Last weekend, the Indian government ordered YouTube to remove clips from a BBC documentary. It sent a similar order to Twitter, telling that platform to remove any tweets that featured links to those clips and pointing to more than fifty specific posts that had done so. The documentary, called India: The Modi Question, covers, in part, a series of violent riots in the western Indian state of Gujarat in 2002. More than a thousand people died—most of them Muslims. The documentary features quotes from UK government correspondence that described the riots as having had “all the hallmarks of an ethnic cleansing” and held Narendra Modi, a Hindu nationalist who was then the chief minister of Gujarat, “directly responsible.” Modi is now India’s prime minister.
According to the orders from India’s Ministry of Information and Broadcasting, the clips from the documentary and the tweets referring to them were to be removed under information technology laws that the Modi government implemented in 2021. According to one report, senior officials from different branches of the government reviewed the documentary and found it to be “an attempt to cast aspersions on the authority and credibility of the Supreme Court of India, sow divisions among various Indian communities, and make unsubstantiated allegations regarding the actions of foreign governments in India.” (The Supreme Court had previously cleared Modi of blame for the riots.) One official told The Hindu that the documentary undermined “the sovereignty and integrity of India,” and had the potential to “adversely impact public order within the country.”

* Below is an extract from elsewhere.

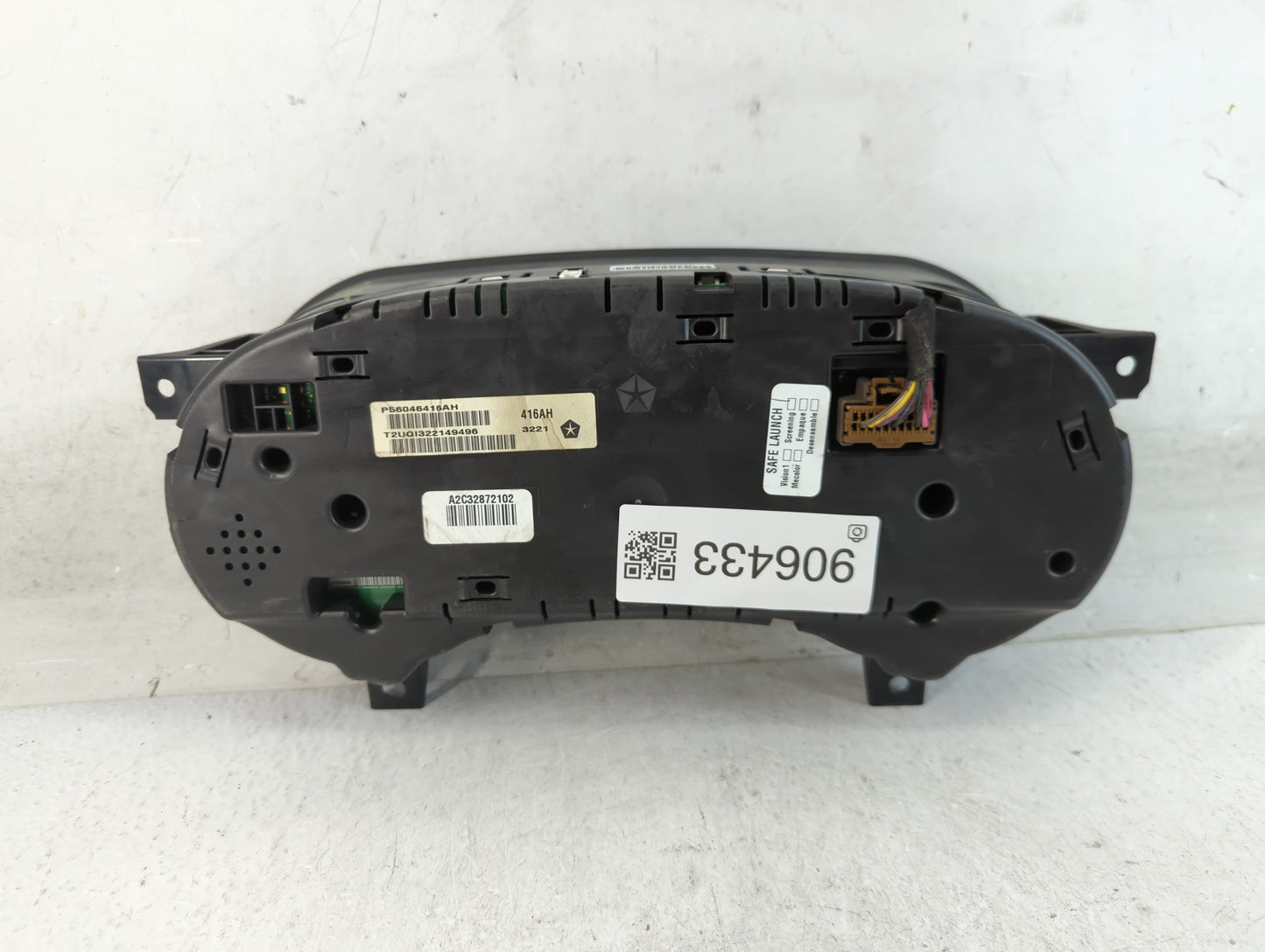 2011 Dodge Charger Instrument Cluster Speedometer Gauges P/N:A2C32872102 P56046416AH Fits OEM Used Auto Parts - Oemusedautop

India has several laws that give officials the authority to order information providers to remove or block access to content, including the Information Technology Act of 2000, which allows the government to block content “in the interest of sovereignty and integrity of India, security of the State, and public order.” The additional law that the Modi government passed in 2021 bills itself as a “digital media ethics code” that requires social media platforms to take down content within thirty-six hours of receiving a government order, and to otherwise assist law enforcement agencies with their inquiries. Foreign social-media companies are also required to employ a local staffer who can handle such official requests. Some critics have referred to this as a “hostage-taking law,” on the grounds that these local employees could end up in prison should their employer refuse to play ball.